## Source material
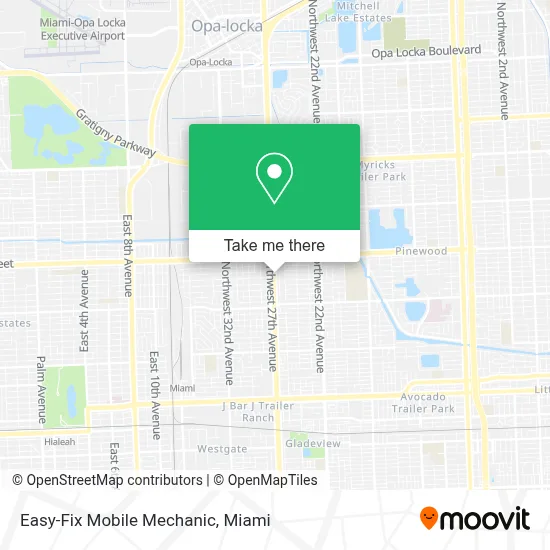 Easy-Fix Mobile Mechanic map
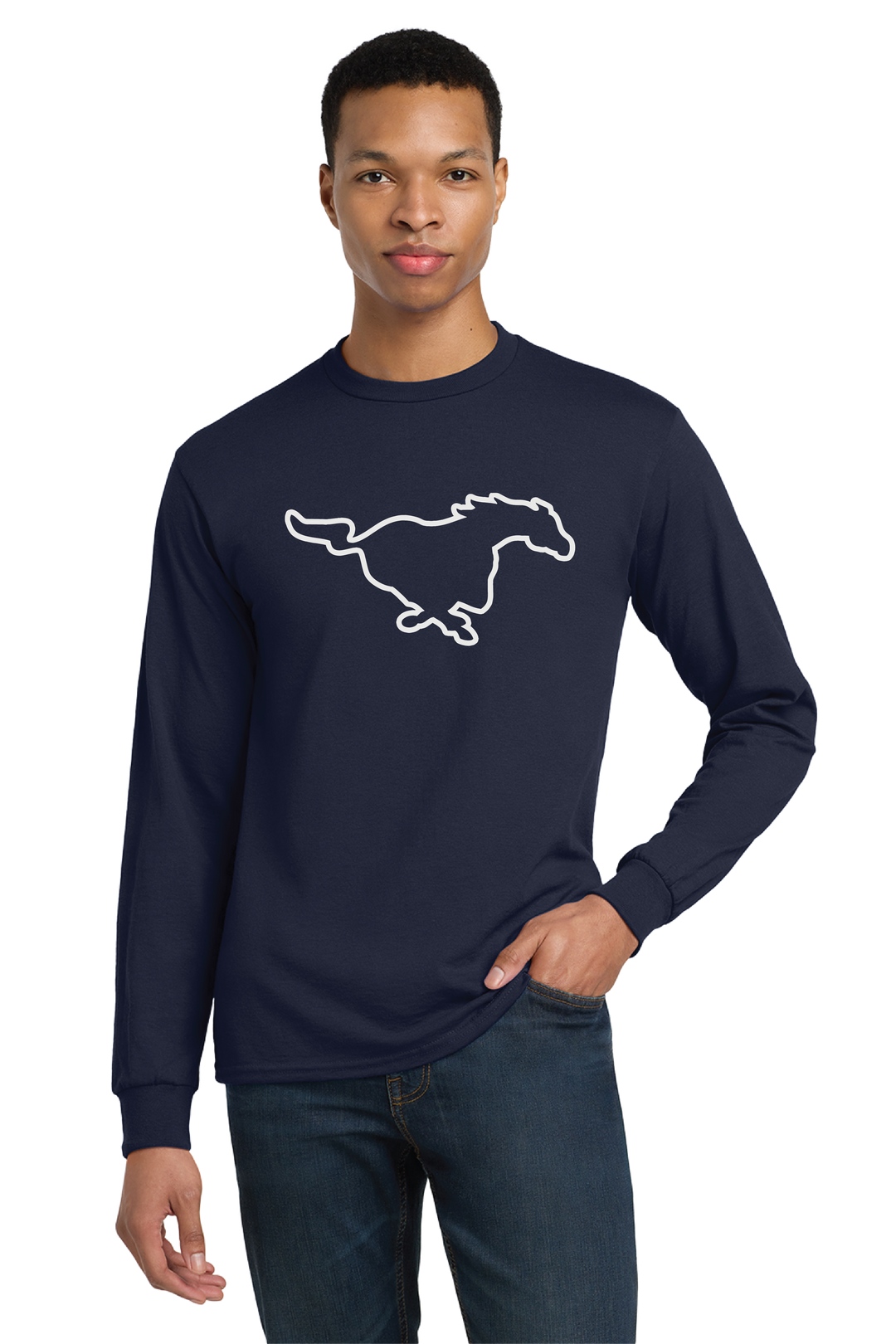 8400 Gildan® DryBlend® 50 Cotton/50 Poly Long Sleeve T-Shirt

...

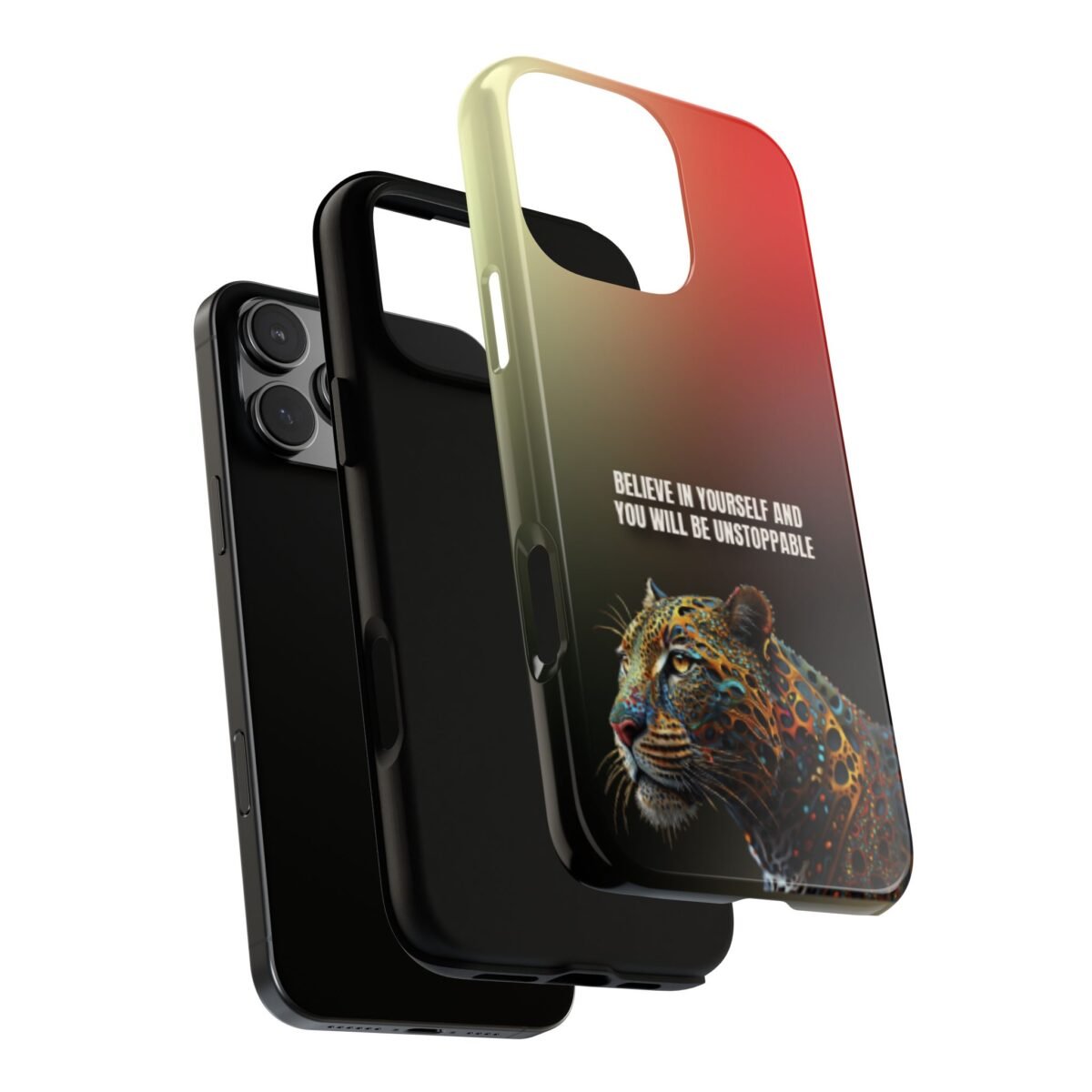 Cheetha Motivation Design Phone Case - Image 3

## What to produce
The lines above from the line with "Easy-Fix Mobile Mechanic map" through the line with "8400 Gildan® DryBlend®" are to be given again word for word, with no pictures among them.

## Result of this exercise
 Easy-Fix Mobile Mechanic map
 8400 Gildan® DryBlend® 50 Cotton/50 Poly Long Sleeve T-Shirt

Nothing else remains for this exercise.